* _YOUR ASSIGNMENT_
The records below must be returned exactly, with every picture left out.

(Image-text web data)
>>>>
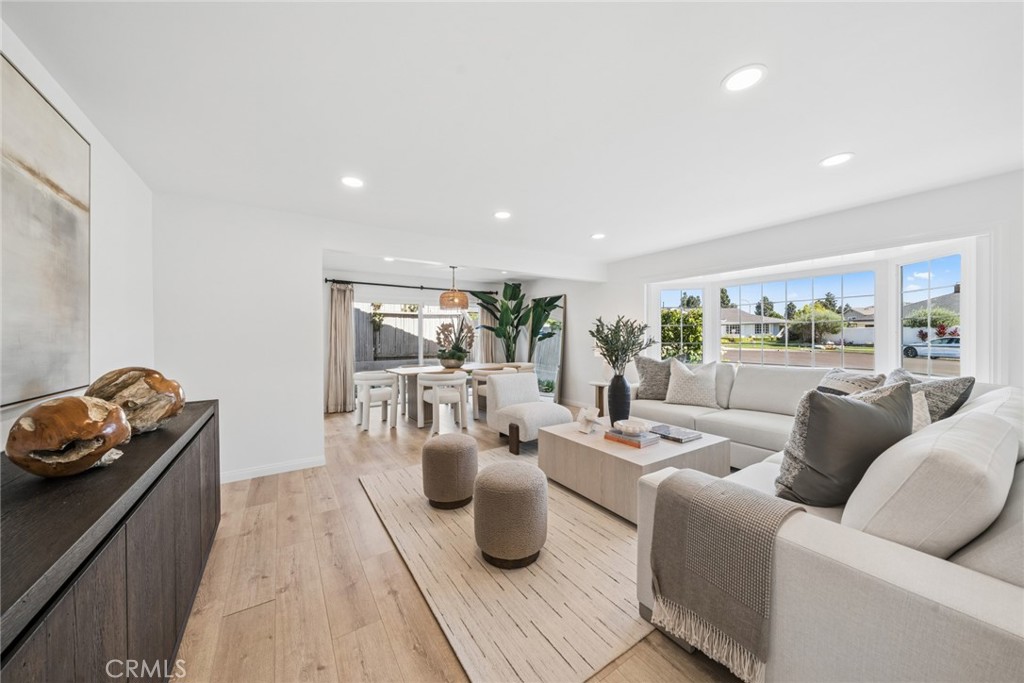 926 Bellis Street Property Photo 4
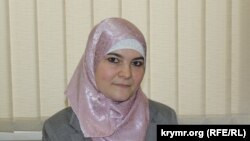 Крымская татарка Сюзанна руководит женским отделом Исламского культурного центра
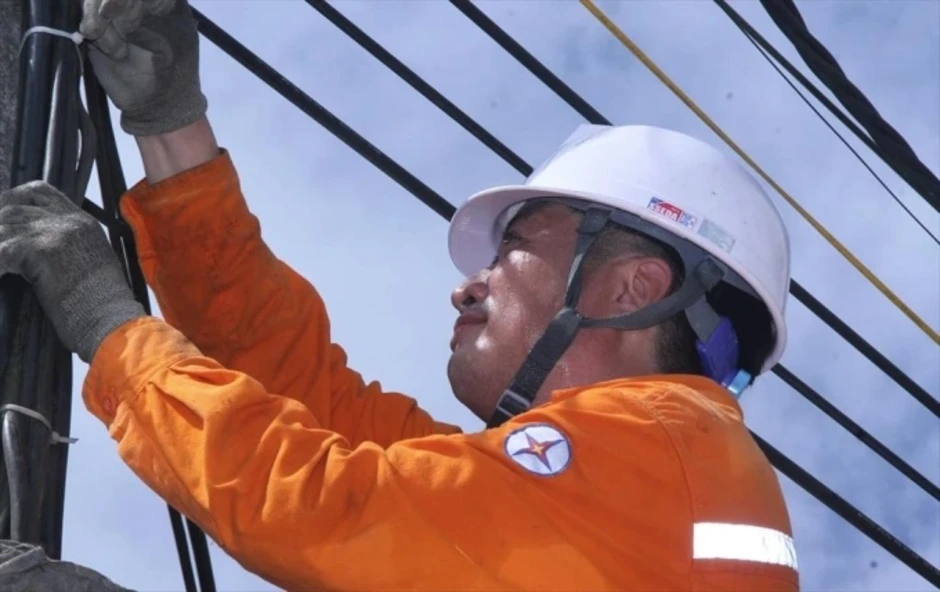 Tiêu thụ điện liên tục lập kỷ lục Tiêu thụ điện liên tục lập kỷ lục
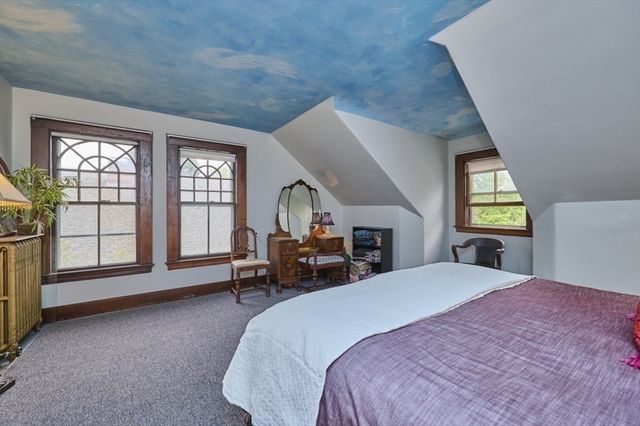 17 Copley St, Newton, MA 02458
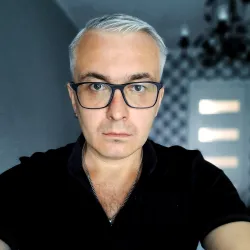 Фотография репетитора Макаров Александр Васильевич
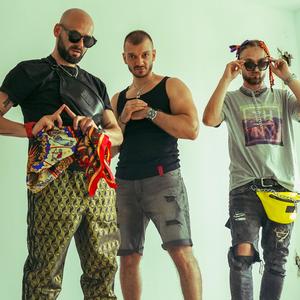 Suta la baterie (feat. Nosfe & Domnul Udo)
<<<<
* _TASK ANSWER_
 926 Bellis Street Property Photo 4
 Крымская татарка Сюзанна руководит женским отделом Исламского культурного центра
 Tiêu thụ điện liên tục lập kỷ lục Tiêu thụ điện liên tục lập kỷ lục
 17 Copley St, Newton, MA 02458
 Фотография репетитора Макаров Александр Васильевич
 Suta la baterie (feat. Nosfe & Domnul Udo)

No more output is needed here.